2.2.1. Vor diesem Hintergrund findet die angefochtene Verordnung keine Deckung im Gesetz. Damit erübrigt sich eine nähere Auseinandersetzung ob der Gesetzmäßigkeit der Kundmachung durch Anbringen des Verkehrszeichens gemäß §52 lita Z9c StVO 1960 in einem Abstand von 5,9 m zum Geltungsbereich.

2.3. Die Niederösterreichische Landesregierung sowie die verordnungserlassende Behörde haben mitgeteilt, dass die Verordnung der Bezirkshauptmannschaft Zwettl vom 30. März 2010, ZTS1 V 0676/006, mit der Verordnung der Bezirkshauptmannschaft Zwettl vom 8. August 2024, ZTS1 V 0676/027, aufgehoben worden ist.

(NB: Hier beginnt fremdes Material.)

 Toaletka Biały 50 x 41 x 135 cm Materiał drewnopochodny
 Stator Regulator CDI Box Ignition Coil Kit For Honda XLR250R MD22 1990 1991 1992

Der Verfassungsgerichtshof hat daher gemäß Art139 Abs4 B VG festzustellen, dass die angefochtene Verordnung – im Umfang des Punktes 6, der ein Fahrverbot für Fahrzeuge mit über 2 t Gesamtgewicht anordnete – gesetzwidrig war.

V. Ergebnis

1. Die Wort- und Zeichenfolge "KG Wurmbrand 6. FAHRVERBOT FÜR FAHRZEUGE MIT ÜBER 2 t GESAMTGEWICHT (§52 lita Z9c StVO 1960) im Zuge der Brücke über den 'Zwettl' Fluß nächst dem Grundstück .37/1, KG Wurmbrand" der Verordnung der Bezirkshauptmannschaft Zwettl vom 30. März 2010, ZTS1 V 0676/006, war gesetzwidrig.

2. Die Verpflichtung der Niederösterreichischen Landesregierung zur unverzüglichen Kundmachung der Feststellung der Gesetzwidrigkeit erfließt aus Art139 Abs5 zweiter Satz BVG und §59 Abs2 iVm §61 VfGG und §2 Abs1 Z6 NÖ Verlautbarungsgesetz 2015.

3. Diese Entscheidung konnte gemäß §19 Abs4 VfGG ohne mündliche Verhandlung in nichtöffentlicher Sitzung getroffen werden.